Note: check the help file or run the following examples to figure out what `outer`

does:
`outer(c(1:5), c(1:5), FUN = "*")`

`outer(c(1:5), c(1:5), FUN = "-")`

`outer(LETTERS[1:5], c(1:5), FUN = "paste0")`

**Unrestricted permutation test**: Create a variable`Order`

with row numbers (from 1 to the number of individuals in`Adults.gstudio`

). Then, uncomment the code below (adapt as needed) to carry out a permutation test by permuting the order of individuals, R = 499 times. Notes to permute a distance matrix, we need to permute the rows and columns of the full distance matrix simultaneously with the same order:`Dgen[a,a]`

. We only need to permute one of the two matrices (Dgen or Dgeo.within), but not both. The approximate p-value is calculated as the proportion of values (R simulated ones and 1 observed`Cor.obs`

) that were as large, or larger, than`Cor.obs`

.

```
#R = 499
#Cor.perm.unrestricted <- rep(NA, R)
#for(r in 1:R)
#{
# a <- sample(Order)
# Cor.perm.unrestricted[r] <- cor(as.dist(Dgen[a,a]),as.dist(Dgeo.within), method="spearman", use="complete.obs")
#}
#approx.p.unrestricted <- mean(c(Cor.obs, Cor.perm.unrestricted) >= Cor.obs)
#approx.p.unrestricted
```

**Restricted permutation test**: Adapt the code to permute individuals only within patches. For this, split ‘Order’ by population, randomize row numbers within groups (list elements = populations) with`sapply`

, and use`unlist`

to convert to a vector again. Make sure to change object names from ‘unrestricted’ to ‘restricted’.- Before the
`for`

loop, add this code:`b <- split(Order, Adults.gstudio$Population)`

- Inside the
`for`

loop, replace the calculation of a :`a <- unlist(sapply(b, sample))`

- Before the

**Compare results**: Create side-by-side boxplots of the simulated Mantel rank correlation values for the unrestricted and the restricted permutation tests. Note: if none of the simulated values was larger than Cor.obs, the approx. p-value will be 1/(R+1).
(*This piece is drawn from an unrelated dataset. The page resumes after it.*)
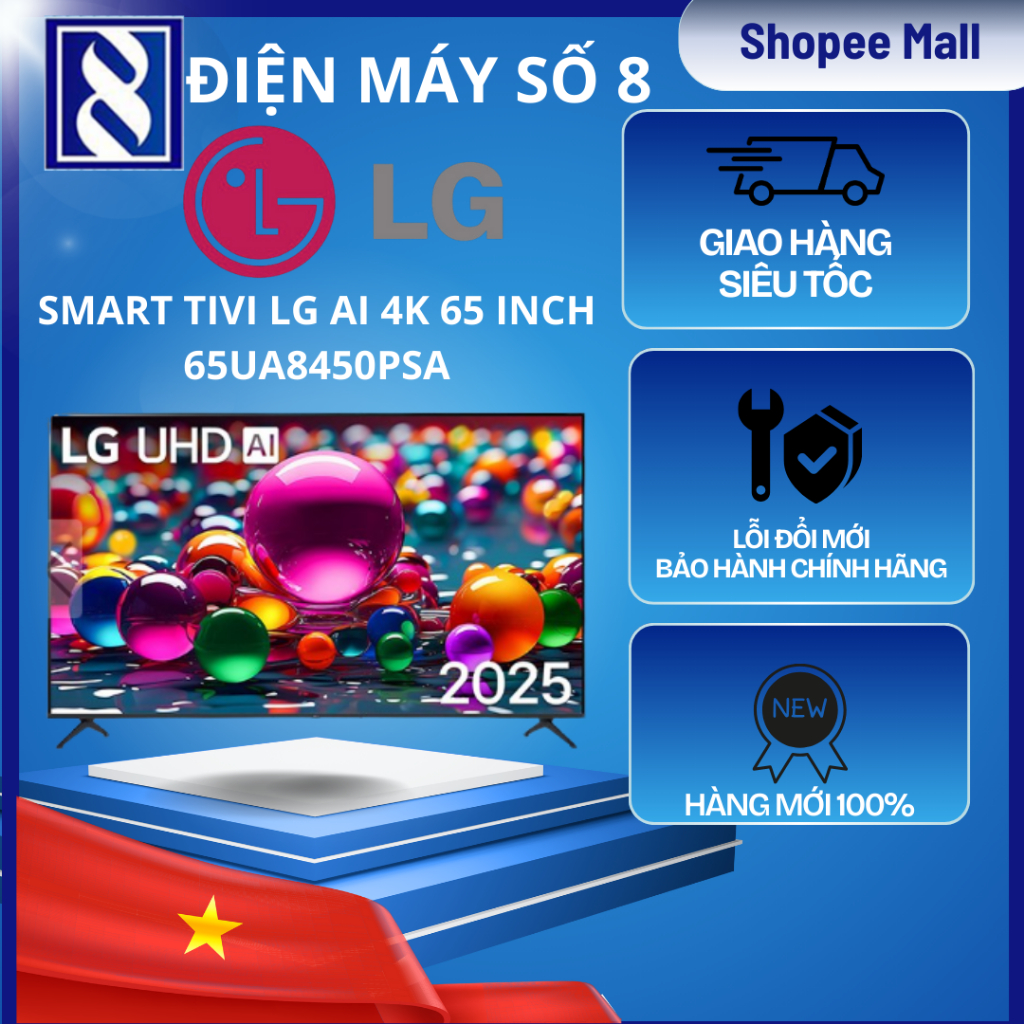 Điện Máy Số 8 | 65UA8450PSA | Smart Tivi LG AI 4K 65 inch 65UA8450PSA - Chính Hãng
This indicates the resolution of the permutation test, i.e., the smallest possible p-value given R.

**Questions:**

- Did the direction, size or statistical significance of the observed Mantel rank correlation (as a measure of fine-scale spatial genetic structure in
*P. vulgaris*) change between the unrestricted and the restricted permutation test? Why, or why not? - How did the distributions of the simulated values of the Mantel rank correlation differ between the unrestricted and the restricted test? Can you think of a reason for this?